# Fungicide or microban paints to inhibit exterior mold?



## pnlop1 (Dec 23, 2009)

Opps...I should have written "Zinssers" (not Messmer's) Mold & Mildew-Proof Exterior Paint.
Penelope


----------



## ccarlisle (Jul 2, 2008)

You know it always helps to tell us where you are located, as some problems and many solutions will be clearer if we know the surrounding circumstances to your problem. 

Not knowing if you're in a humid climate or not, I can only toss out generalites such as this one: if you have mould on the exterior, say under the eaves, the you must have more of a problem than just the addition of microban will handle. It may solve the cosmetic issue for a while but you.re just avaoiding the problem if you do.

Mould need humidity, low airflow, and food to grow with. What are you providing as a food for moulds? cellulose, paint, stucco? what? If you're outside how come there is so little air movement that provides almost 80% relative humidity that helps moulds grow? 

Rather than mess around with the paints. have you tried bleach?


----------



## pnlop1 (Dec 23, 2009)

Hi
I live in Los Angeles, and the weather is pretty dry, so the exterior mold is a bit of a mystery (Morning dew?). I attach some pictures. Im re-stuccoing the entire outside (with smooth stucco), and have the option of boxing-in the eaves and covering them with stucco, or repainting them--Im afraid that boxing-in the eaves will just hide mold growth inside them. FYI: there is no attic above them. Im trying to figure out the best option and Im open to suggestions. {I also asked about boxing-in eaves within the roofing section--sorry for the redundancy}
Thank you
Penelope


----------



## housepaintingny (Jul 25, 2009)

Bleach and water will remove the mold/mildew spores, but there are some natural remedies such as using baking soda or vinegar. I would use simple green paint prep, mold, mildew remover its biodegradable, green, won't harm you, pets, or plants. I would use that in combination with a pressure washer, then scrape the substrate as needed, prime as needed using a quality primer such as SW problock, caulk as needed using a quality acryilic siliconized caulk, followed by a quality 100% acrylic paint.
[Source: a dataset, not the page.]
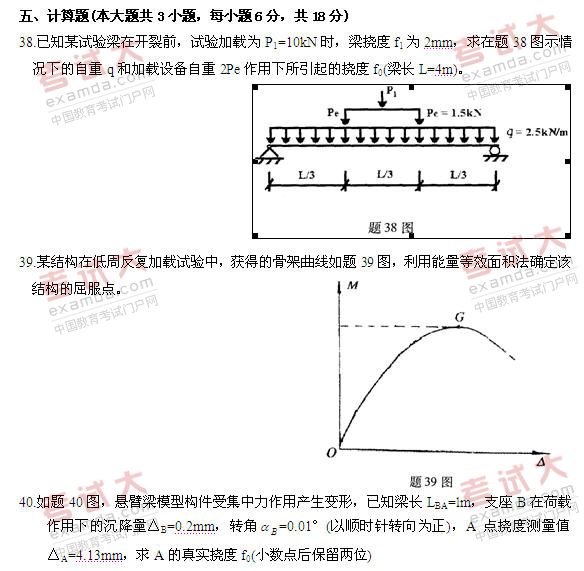 全国2010年10月高等教育自学考试建筑结构试验试(图2)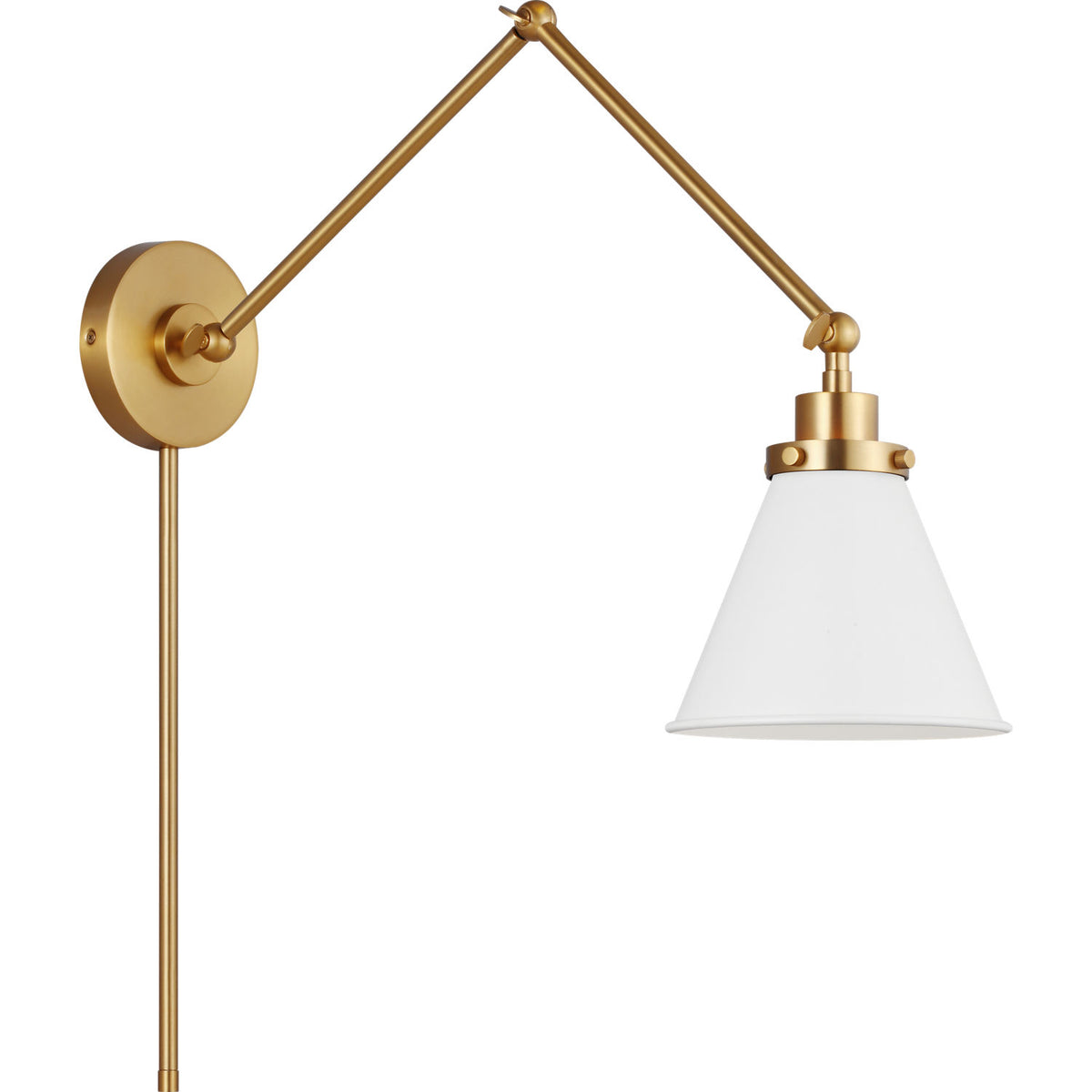 Visual Comfort Studio Collection CW1151MWTBBS Wellfleet Two-Arm Cone Sconce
One of the positive properties of a 100% acrylic paint is that it has mold/mildew inhibiteds in it already. I would use SW Superpaint. Nothing for nothing but consumer reports does not test a lot of products and they don't test a lot of SW products. I would use SW exterior Superpaint over any product that Consumer Reports rates as being good.


----------



## poppameth (Oct 2, 2008)

I deal with Davis Paint quite a bit. They are a small regional Virginia company who also happen to be the Microban distributor for the area. Their Microban products have been top notch for interior application. They have yet to make an exterior version, claiming that it adds quite a bit to the cost of the product and doesn't really work very well at all in comparison to interior application. It'll keep the spores from multiplying and spreading but on the exterior of a house spores just land on it all the time so you don't really see that much difference. If you have conditions that allow those spores to take hold to begin with, the Microban is just going to keep them from spreading as fast, not keep them away completely. They've had better luck with a Zinc modified product they've had for years.


----------